Where does the string "sleep" appear in the records? Copy every line that contains it.

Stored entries
· · · ·

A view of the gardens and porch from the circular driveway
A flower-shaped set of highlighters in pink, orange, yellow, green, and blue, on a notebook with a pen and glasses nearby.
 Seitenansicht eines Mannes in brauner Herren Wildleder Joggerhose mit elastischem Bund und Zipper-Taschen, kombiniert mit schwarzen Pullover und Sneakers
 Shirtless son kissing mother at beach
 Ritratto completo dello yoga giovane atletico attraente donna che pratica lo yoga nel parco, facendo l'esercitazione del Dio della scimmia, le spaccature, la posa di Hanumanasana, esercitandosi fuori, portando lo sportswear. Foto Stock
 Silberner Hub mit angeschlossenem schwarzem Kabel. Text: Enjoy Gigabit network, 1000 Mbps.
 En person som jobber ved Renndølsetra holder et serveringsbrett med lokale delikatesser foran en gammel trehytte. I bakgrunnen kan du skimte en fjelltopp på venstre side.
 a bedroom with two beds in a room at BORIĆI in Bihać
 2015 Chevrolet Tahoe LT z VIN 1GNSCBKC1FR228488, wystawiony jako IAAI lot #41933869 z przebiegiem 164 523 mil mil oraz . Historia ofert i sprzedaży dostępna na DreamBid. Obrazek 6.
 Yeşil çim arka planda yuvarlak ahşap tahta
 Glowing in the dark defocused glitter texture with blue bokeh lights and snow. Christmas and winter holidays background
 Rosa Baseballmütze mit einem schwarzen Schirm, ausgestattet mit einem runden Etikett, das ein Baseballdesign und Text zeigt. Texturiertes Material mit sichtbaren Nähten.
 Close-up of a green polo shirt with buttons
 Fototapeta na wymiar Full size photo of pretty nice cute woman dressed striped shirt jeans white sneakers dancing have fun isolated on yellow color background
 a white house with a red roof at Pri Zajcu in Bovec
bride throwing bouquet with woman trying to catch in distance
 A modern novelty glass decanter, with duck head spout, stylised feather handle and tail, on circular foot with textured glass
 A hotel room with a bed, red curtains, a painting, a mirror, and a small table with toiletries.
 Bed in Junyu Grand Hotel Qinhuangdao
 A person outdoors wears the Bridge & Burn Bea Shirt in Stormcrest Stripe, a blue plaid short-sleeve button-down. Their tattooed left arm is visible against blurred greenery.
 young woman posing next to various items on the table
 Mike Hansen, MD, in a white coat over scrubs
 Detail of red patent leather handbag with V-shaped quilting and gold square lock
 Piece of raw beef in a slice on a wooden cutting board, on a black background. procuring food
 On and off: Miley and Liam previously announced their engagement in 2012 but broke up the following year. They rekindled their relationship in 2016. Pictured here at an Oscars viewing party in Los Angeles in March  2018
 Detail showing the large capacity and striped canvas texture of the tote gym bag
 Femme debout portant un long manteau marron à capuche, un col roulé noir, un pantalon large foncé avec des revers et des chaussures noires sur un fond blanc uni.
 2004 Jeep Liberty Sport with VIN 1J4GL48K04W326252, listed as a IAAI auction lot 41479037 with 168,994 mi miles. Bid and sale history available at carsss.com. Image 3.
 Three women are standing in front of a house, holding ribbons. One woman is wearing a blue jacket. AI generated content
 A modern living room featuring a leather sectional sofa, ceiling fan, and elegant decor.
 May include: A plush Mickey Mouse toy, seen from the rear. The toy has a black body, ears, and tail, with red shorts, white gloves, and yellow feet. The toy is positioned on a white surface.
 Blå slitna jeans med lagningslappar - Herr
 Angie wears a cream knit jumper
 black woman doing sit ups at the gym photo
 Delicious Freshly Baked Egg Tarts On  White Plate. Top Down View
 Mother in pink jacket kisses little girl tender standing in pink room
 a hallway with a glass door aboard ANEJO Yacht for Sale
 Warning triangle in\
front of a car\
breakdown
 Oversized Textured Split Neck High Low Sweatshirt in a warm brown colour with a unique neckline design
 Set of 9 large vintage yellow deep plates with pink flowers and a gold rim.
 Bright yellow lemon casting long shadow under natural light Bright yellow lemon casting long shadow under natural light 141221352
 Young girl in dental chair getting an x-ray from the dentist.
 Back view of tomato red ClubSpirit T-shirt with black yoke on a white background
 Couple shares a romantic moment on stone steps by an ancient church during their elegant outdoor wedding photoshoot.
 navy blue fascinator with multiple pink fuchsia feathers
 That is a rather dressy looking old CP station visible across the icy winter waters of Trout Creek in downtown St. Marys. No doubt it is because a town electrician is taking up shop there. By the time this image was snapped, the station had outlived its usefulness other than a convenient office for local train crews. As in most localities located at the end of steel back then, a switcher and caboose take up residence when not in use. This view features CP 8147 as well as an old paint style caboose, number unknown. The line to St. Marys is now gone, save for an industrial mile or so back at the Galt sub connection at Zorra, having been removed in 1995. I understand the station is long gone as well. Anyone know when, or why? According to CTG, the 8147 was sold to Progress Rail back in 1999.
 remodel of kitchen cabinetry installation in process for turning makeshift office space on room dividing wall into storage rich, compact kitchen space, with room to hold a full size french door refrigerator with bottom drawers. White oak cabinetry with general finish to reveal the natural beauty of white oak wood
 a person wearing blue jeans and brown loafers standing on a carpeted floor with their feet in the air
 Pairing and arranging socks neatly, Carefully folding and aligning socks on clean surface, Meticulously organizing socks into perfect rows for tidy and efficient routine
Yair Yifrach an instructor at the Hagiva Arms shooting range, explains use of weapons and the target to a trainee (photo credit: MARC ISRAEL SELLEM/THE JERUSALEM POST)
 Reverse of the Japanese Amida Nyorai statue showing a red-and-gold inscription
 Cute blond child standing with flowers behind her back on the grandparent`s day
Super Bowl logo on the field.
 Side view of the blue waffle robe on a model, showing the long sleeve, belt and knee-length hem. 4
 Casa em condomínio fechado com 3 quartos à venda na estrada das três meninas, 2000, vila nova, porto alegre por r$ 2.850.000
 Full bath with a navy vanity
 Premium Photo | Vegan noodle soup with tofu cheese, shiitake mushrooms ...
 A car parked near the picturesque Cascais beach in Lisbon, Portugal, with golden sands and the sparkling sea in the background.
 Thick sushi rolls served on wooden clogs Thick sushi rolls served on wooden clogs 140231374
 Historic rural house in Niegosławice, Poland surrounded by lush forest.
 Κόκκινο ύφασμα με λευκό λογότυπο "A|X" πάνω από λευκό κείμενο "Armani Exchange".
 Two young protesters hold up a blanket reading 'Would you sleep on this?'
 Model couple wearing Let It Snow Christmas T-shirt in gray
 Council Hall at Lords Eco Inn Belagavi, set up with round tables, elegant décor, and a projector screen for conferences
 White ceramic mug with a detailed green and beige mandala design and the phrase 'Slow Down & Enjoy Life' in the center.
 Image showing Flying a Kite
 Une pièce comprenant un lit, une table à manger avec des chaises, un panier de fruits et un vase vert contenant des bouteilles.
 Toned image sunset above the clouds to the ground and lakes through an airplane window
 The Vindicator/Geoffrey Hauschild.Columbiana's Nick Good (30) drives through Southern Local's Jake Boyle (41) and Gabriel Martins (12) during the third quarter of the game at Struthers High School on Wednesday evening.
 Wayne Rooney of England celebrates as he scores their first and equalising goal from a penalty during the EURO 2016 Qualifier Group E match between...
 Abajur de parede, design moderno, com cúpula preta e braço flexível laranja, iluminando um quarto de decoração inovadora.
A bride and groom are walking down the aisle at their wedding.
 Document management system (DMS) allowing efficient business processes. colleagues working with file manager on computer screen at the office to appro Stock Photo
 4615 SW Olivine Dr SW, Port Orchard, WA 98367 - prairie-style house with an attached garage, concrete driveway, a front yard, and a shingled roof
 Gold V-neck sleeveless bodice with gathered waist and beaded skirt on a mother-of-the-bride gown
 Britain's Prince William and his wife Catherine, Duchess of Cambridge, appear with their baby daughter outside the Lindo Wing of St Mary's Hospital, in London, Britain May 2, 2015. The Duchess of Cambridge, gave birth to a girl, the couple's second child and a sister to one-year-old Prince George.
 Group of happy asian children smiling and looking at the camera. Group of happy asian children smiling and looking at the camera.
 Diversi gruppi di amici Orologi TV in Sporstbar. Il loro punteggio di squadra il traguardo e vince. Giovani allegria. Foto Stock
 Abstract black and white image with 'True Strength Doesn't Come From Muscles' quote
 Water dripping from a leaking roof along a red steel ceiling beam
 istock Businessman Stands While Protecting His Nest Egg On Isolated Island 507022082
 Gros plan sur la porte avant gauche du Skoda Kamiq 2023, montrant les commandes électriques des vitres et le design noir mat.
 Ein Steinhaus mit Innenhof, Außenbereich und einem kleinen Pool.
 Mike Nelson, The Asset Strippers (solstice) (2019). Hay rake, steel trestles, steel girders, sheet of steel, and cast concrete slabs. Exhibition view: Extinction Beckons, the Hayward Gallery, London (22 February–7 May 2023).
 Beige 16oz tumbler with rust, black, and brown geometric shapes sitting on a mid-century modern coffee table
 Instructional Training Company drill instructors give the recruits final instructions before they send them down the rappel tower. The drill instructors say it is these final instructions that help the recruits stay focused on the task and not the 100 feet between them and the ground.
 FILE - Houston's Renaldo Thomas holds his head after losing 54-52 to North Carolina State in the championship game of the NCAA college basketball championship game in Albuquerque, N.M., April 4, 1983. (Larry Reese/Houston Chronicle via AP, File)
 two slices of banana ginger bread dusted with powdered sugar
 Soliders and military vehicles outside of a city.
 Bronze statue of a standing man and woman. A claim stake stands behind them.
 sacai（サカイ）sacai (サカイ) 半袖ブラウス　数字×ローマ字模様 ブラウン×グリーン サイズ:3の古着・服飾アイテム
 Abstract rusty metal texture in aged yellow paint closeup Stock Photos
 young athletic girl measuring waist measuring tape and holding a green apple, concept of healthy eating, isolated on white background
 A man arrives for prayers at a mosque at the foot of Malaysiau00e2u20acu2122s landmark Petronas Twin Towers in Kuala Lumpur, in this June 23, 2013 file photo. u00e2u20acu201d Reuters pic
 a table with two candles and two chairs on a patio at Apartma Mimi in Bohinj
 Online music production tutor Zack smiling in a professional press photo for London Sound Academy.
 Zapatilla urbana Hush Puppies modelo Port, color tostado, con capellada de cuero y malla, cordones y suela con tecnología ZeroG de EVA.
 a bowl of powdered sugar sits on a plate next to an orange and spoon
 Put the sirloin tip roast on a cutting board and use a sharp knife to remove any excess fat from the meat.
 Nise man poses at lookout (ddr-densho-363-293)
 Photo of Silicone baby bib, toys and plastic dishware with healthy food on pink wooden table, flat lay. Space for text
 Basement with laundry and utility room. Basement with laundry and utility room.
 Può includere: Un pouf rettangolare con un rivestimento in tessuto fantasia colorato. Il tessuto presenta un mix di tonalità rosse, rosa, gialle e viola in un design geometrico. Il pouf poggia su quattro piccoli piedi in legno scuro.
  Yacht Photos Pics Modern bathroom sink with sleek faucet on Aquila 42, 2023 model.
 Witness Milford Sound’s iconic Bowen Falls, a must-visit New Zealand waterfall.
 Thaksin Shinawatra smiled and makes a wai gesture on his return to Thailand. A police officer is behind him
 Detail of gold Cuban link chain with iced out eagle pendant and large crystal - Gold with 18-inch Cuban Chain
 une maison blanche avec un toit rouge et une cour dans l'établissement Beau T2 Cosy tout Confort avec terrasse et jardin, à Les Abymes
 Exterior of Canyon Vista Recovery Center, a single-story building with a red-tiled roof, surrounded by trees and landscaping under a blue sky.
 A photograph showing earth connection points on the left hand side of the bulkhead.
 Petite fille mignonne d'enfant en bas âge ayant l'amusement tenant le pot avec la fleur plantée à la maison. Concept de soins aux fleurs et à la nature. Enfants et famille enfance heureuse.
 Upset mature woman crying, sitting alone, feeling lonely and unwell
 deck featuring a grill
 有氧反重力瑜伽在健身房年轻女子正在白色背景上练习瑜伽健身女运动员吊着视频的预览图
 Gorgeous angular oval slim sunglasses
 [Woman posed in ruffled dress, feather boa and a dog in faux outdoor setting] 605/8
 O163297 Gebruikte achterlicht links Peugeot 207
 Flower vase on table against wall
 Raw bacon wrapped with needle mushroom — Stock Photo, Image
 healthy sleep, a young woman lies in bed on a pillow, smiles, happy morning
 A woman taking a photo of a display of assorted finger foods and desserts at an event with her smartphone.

· · · ·

Task result
 Two young protesters hold up a blanket reading 'Would you sleep on this?'
 healthy sleep, a young woman lies in bed on a pillow, smiles, happy morning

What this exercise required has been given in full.